Work required: What you should give back is a precise copy of the lines below from the one containing "Cherokee Gingham Skort" through the one containing "Hermes Glossed Calfskin", with no pictures.

#### Exercise data

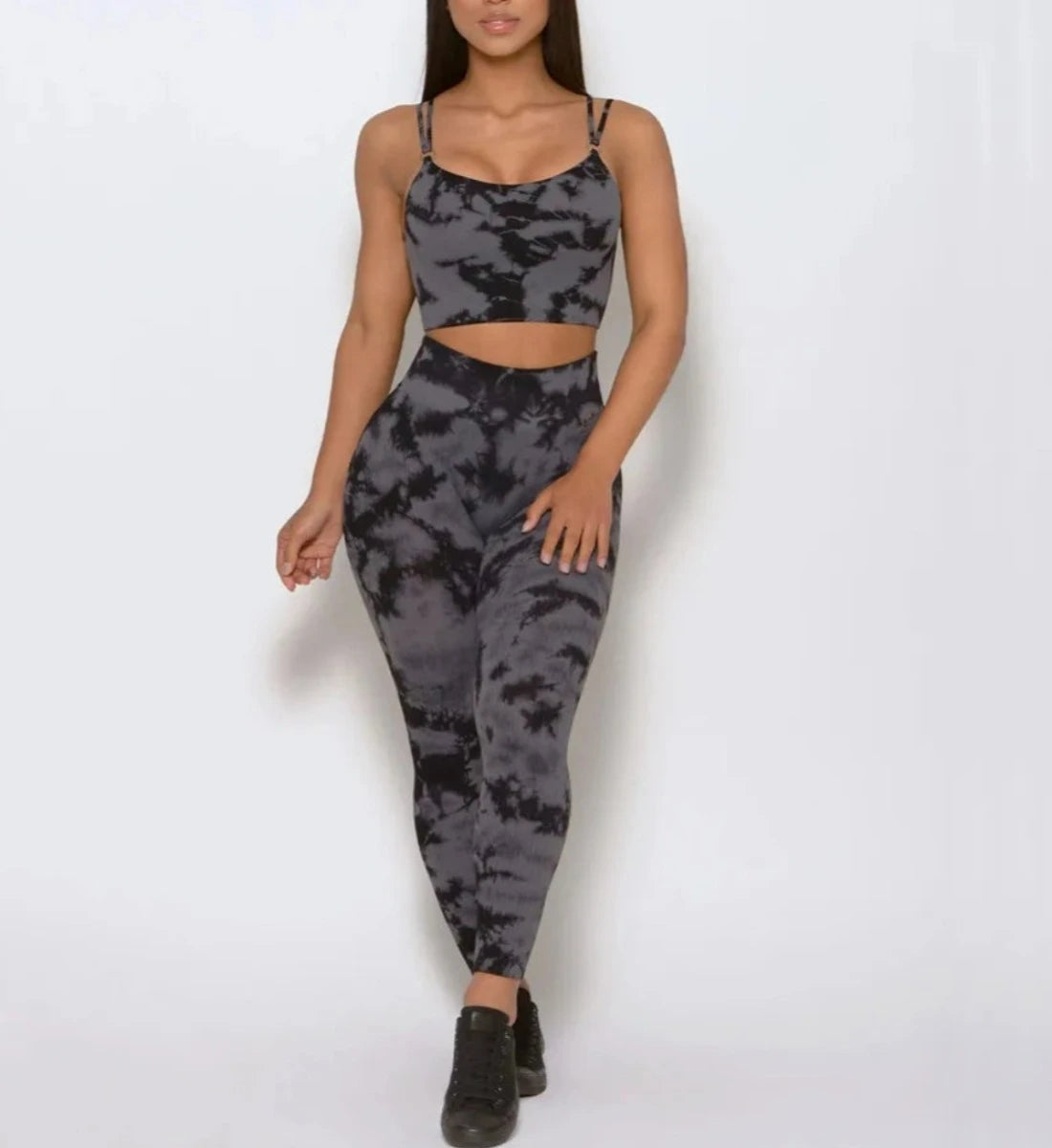 Hassiba - Ensemble de sport élégant sans couture Tie Dye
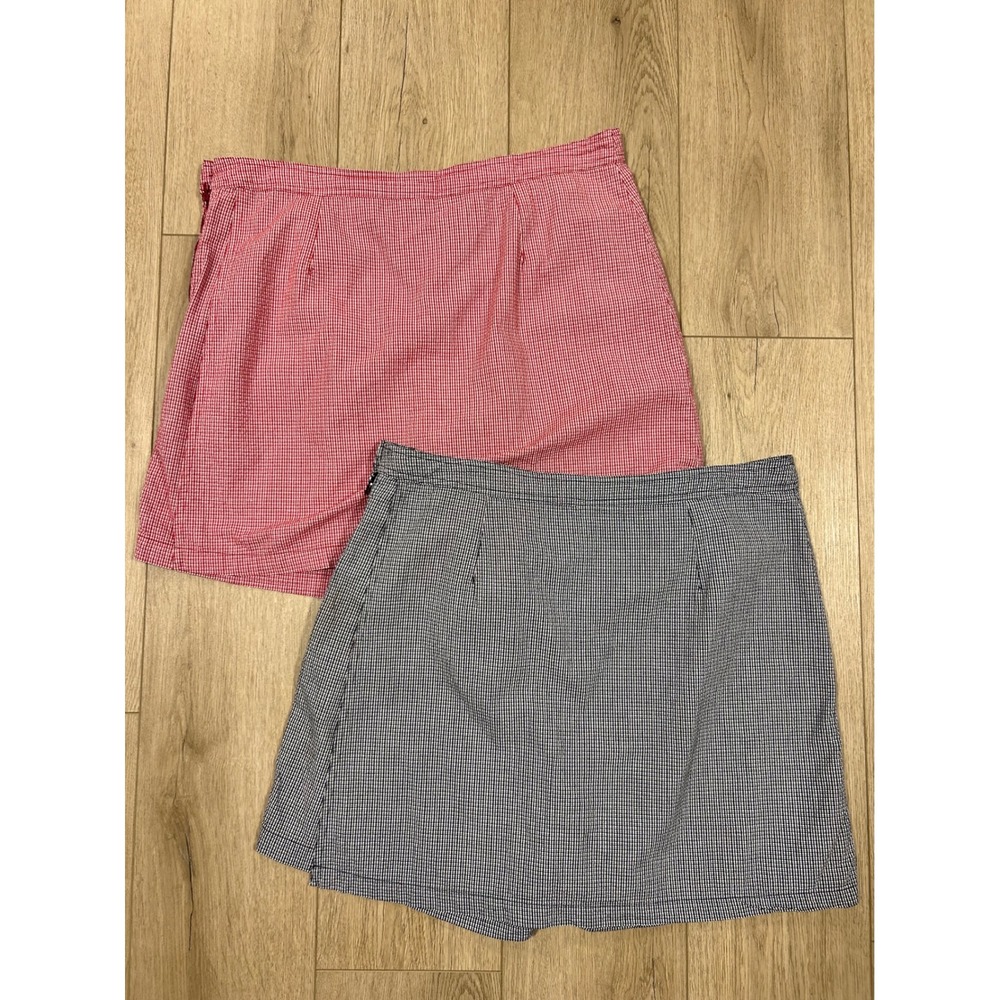 Cherokee Gingham Skort Set 2pc Red Navy Blue Check Cotton Wrap Skirt Shorts 18 - Picture 6 of 6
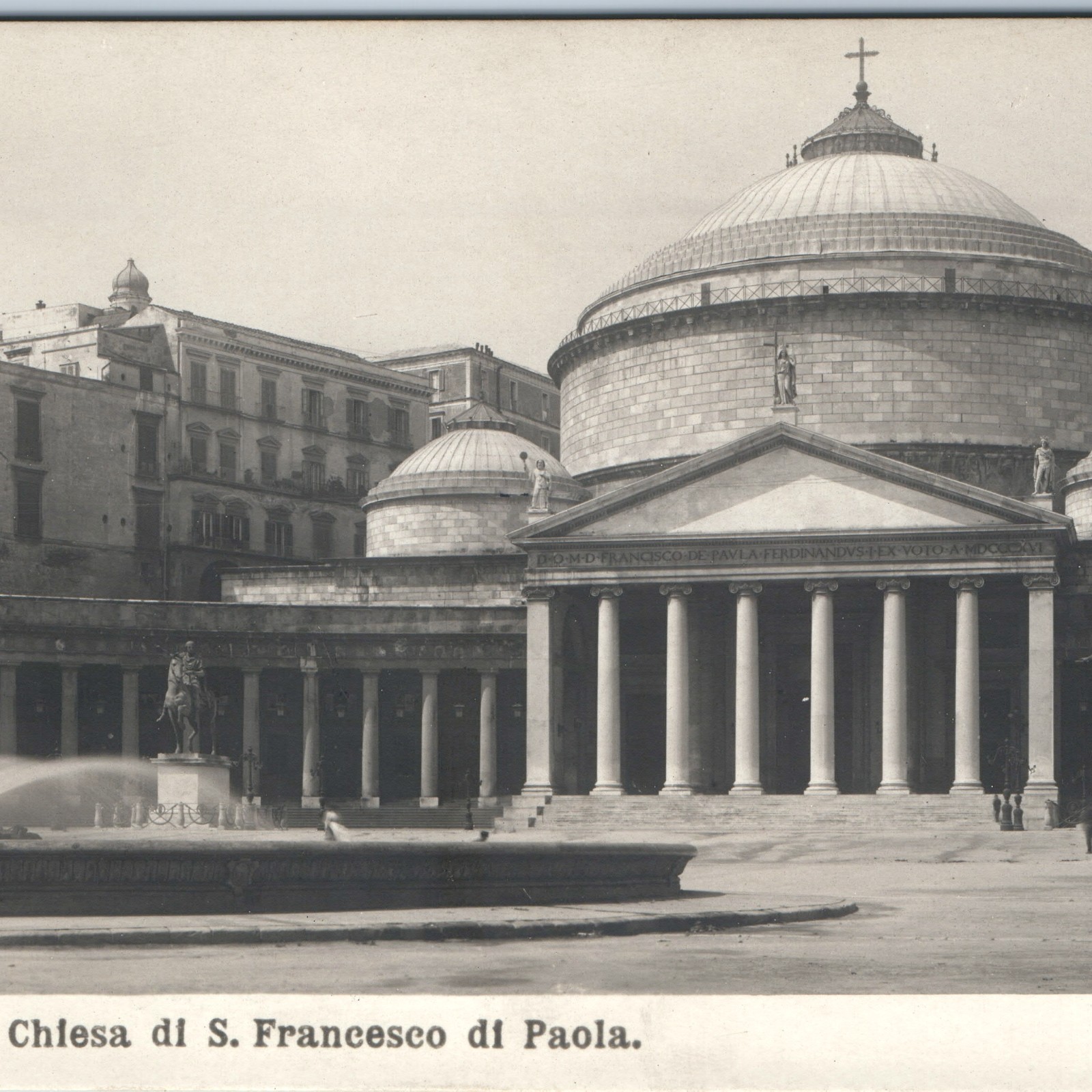 c1920s Naples Italy San Francesco Paola RPPC Postcard Piazza Plebiscito Fountain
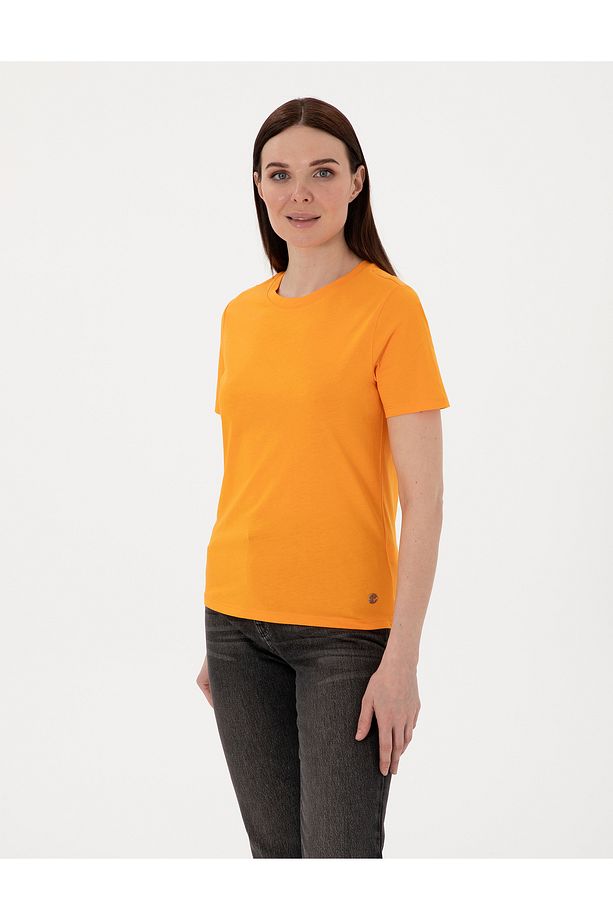 Turuncu Regular Fit Basic Tişört 50305766-VR051 - 1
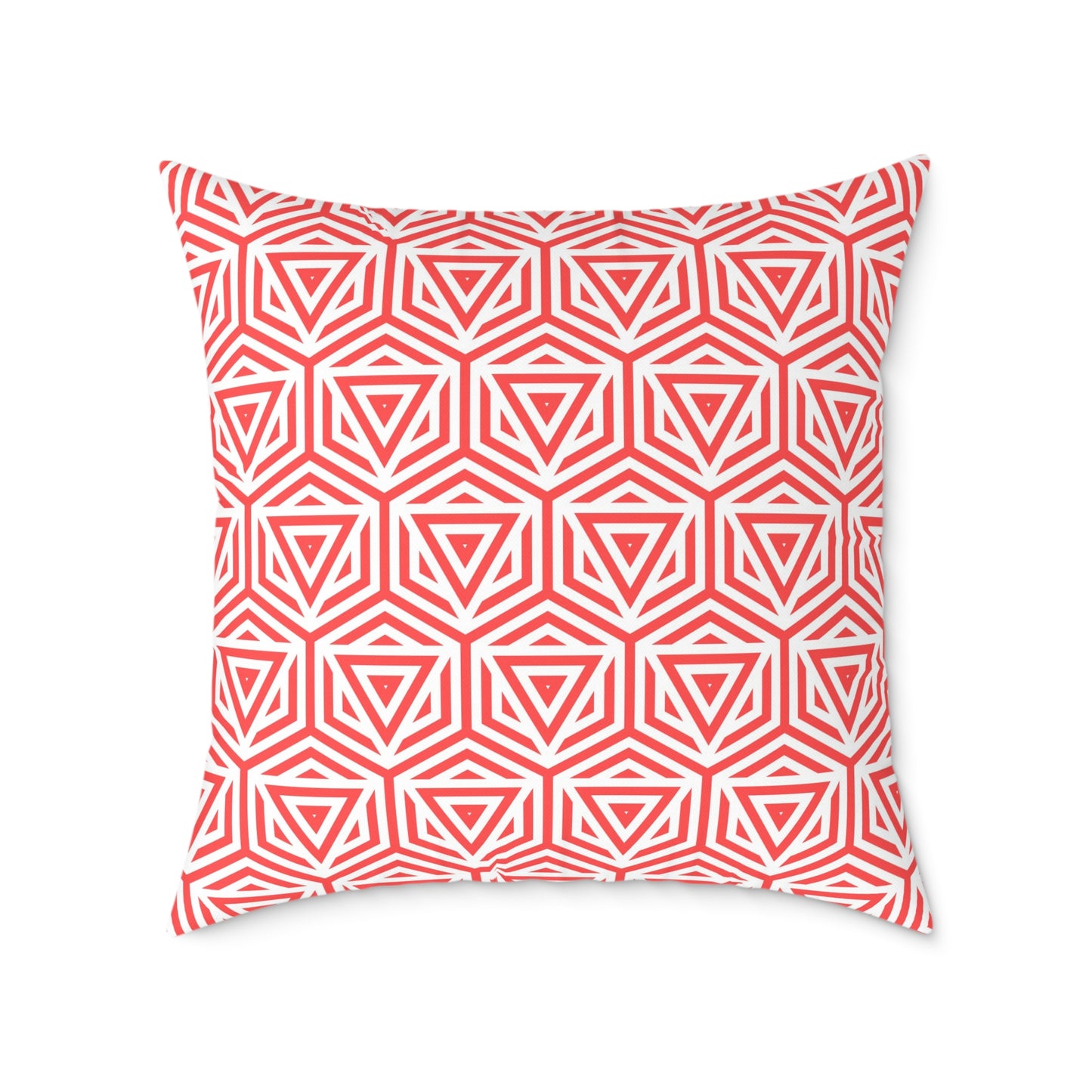 Geometric Coral Tile Pattern Pillow Square Throw Pillow Modern Home Decor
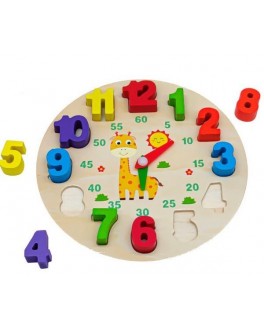 Дерев'яна навчальна іграшка Годинник Жираф, цифри-вкладиші (С 48572)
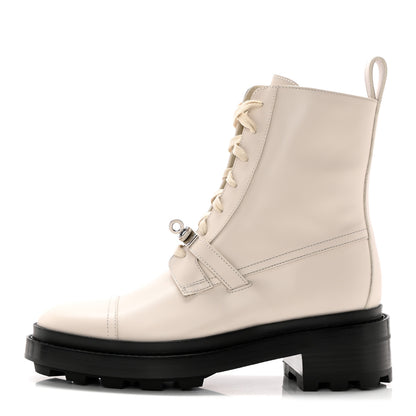 Hermes Glossed Calfskin Funk Ankle Boots 38.5 Beige Glaise 1 of 10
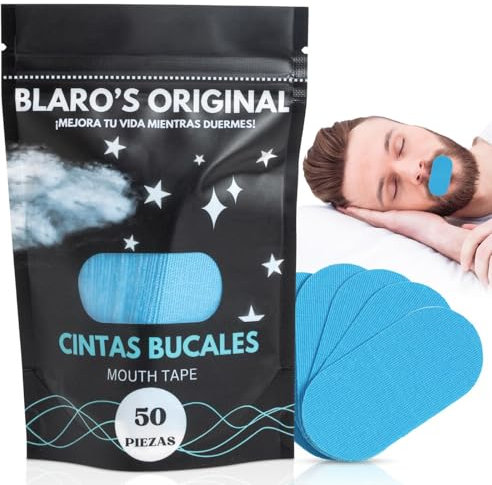 Cinta Bucal Blaro's Original - Adhesivo Hipoalergénico para todo tipo de Pieles - Reduce Ronquidos y Mejora la Calidad del Sueño - Reduce hasta en un 90% las Enfermedades Inmunologicas - 50 Piezas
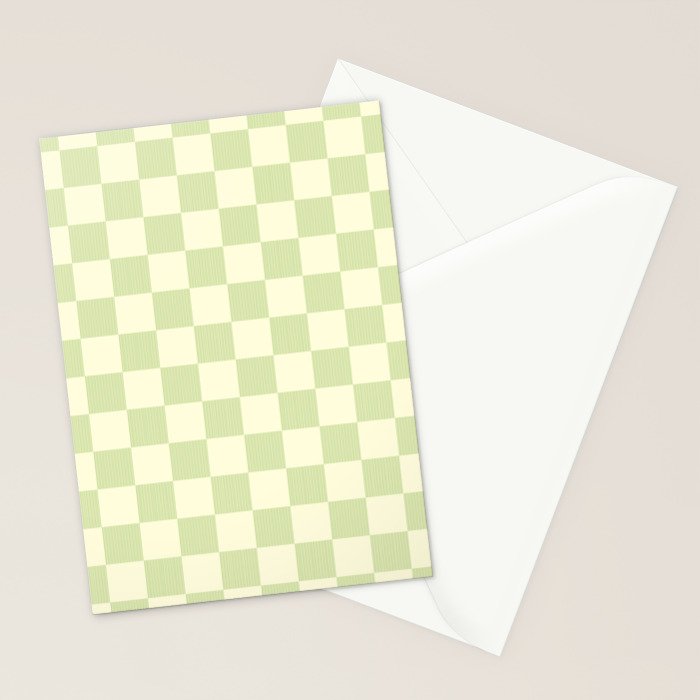 Textured Plaid pattern sage and white Stationery Card Gallery Image 2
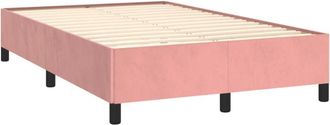vidaXL Estructura de cama sin colchón terciopelo rosa 120x190 cm Vidaxl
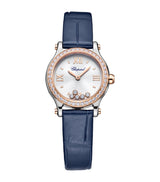 Harrods Chopard Happy Sport Watch Rose Gold Stainless Steel Diamond 25mm- Buy online at McGrocer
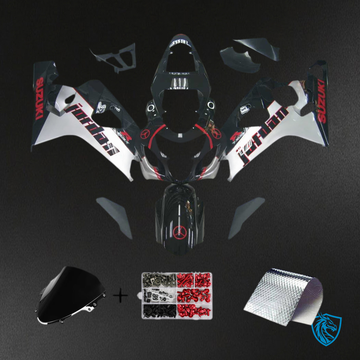 Suzuki GSXR 600-750 (2004-2005) Black & White - MERGEment Motorcycle Fairings Kit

########

Your solution:
 Cherokee Gingham Skort Set 2pc Red Navy Blue Check Cotton Wrap Skirt Shorts 18 - Picture 6 of 6
 c1920s Naples Italy San Francesco Paola RPPC Postcard Piazza Plebiscito Fountain
 Turuncu Regular Fit Basic Tişört 50305766-VR051 - 1
 Geometric Coral Tile Pattern Pillow Square Throw Pillow Modern Home Decor
 Дерев'яна навчальна іграшка Годинник Жираф, цифри-вкладиші (С 48572)
 Hermes Glossed Calfskin Funk Ankle Boots 38.5 Beige Glaise 1 of 10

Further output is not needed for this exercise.